24 young art students leave their mark on Tulsa International Airport
5:42 PM, Oct 12, 2013
5:50 PM, Oct 12, 2013
TULSA - A new attraction at Tulsa International Airport caused a lot of busy travelers to stop for a few seconds today, in a place where many people are just coming and going.
"It is huge. It is probably the biggest thing we have ever done," Tulsa Girls Art School student Saleen Eshelman said.
Painting a mural across from the departure counters at the airport kept two dozen teenage girls pretty busy. They only had an afternoon to finish it.
"Pretty big endeavor, but it is pretty awesome," TGAS teacher Matt Moffett said. "When you have 24 pairs of hands painting and they know what they're doing and paying attention to different parts it is like a gigantic coloring book."
The Tulsa inspired mural, reflecting urban life to the Oklahoma state wildflower the Indian Blanket, is adding a lot of color to the airport.
"This was actually a plain white wall. It was kind of drab and nothing too exciting about it.," Alexis Higgins with Tulsa International said.
The ticket counter workers at the airport were excited to see the girl's work come to life.
"The kids started painting and it has been about 2 hours and 20 minutes and they have it almost finished. It is amazing. It gives us a wonderful view from work though.
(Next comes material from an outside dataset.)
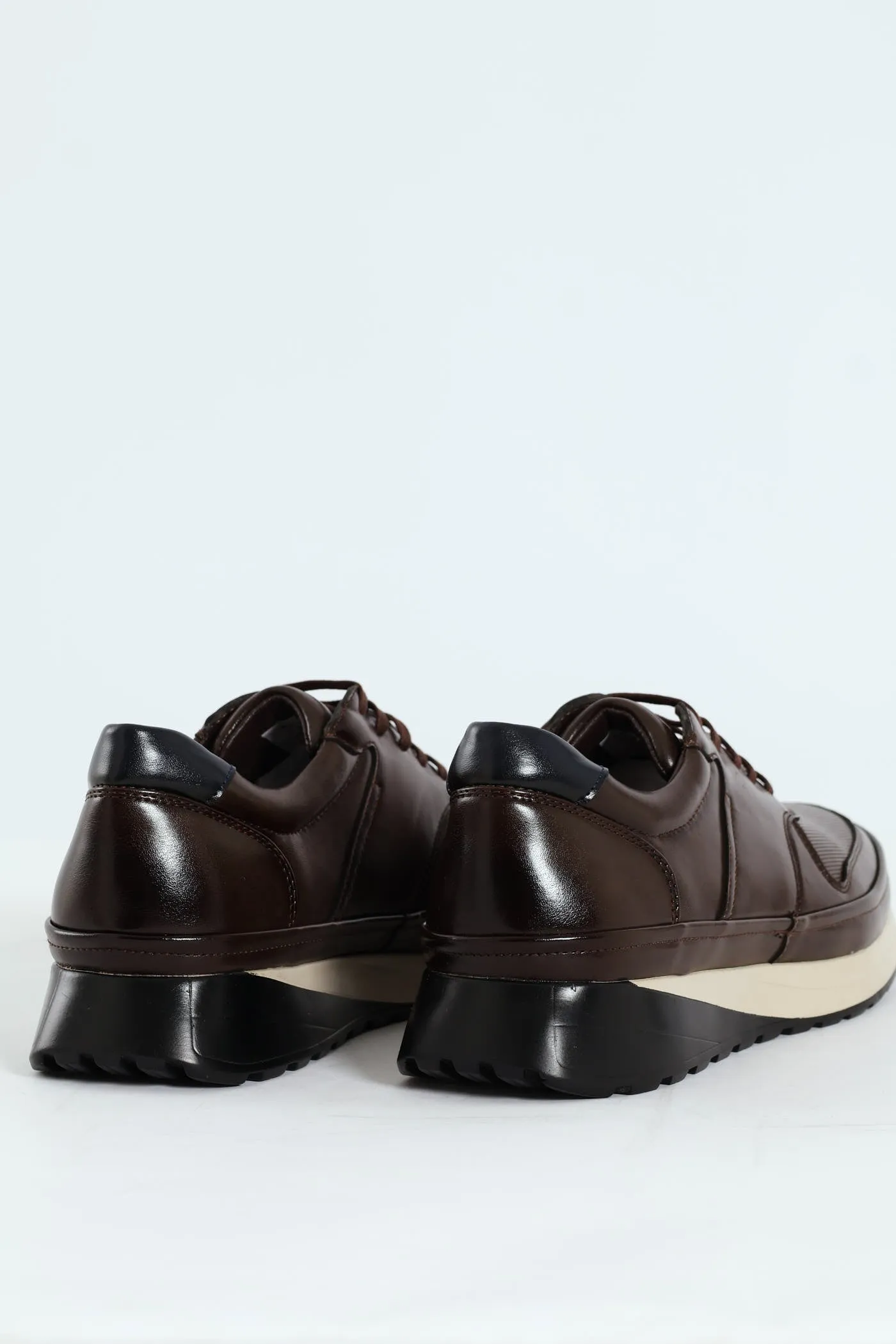 Pin Punched Detail Panelled Smart Casual Shoe - Chocolate sold by Edgars product image thumbnail 4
We appreciate it," Mike Wilcox of Southwest Airlines said.
The young artists from Booker T. Washington High School and the Tulsa Girls Art School made something they can take pride in for years to come.
"It is nice to know that everyone is going to get to see it," Eshelman said. "Not just one person who is going to buy it and put it in their house and the end of the story. This is going to be here forever."
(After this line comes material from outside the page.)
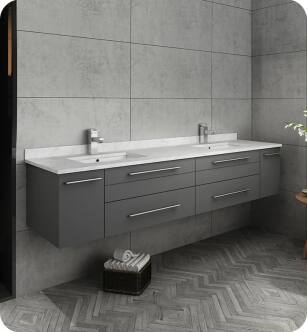 Fresca FCB6172GR-UNS-D-CWH-U Lucera 72" Gray Wall Hung Modern Bathroom Cabinet with Top & Double Undermount Sinks With Countertop: Fresca 73" Countertop with Undermount Double Sink - White Quartz | 1-Hole Faucet Drilling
All while learning how to express themselves as artists.
"We all get to incorporate ourselves into it so I think it will make it that much better.," TGAS student Monae King said.
For the student artists it was an afternoon they won't forget, making a mural that is set to have a long layover at the airport.
"I think it is a real life experience that later on if they want to go to art school, 'hey I have mural experience I can do this'. So I think it builds a lot of confidence," Moffett said.
The mural was made possible through the airport's Cultural Advisory Group, which works to install art that reflects the Tulsa region.
The mural can be found across from the Southwest and United ticket counters next to the departure drop-off area.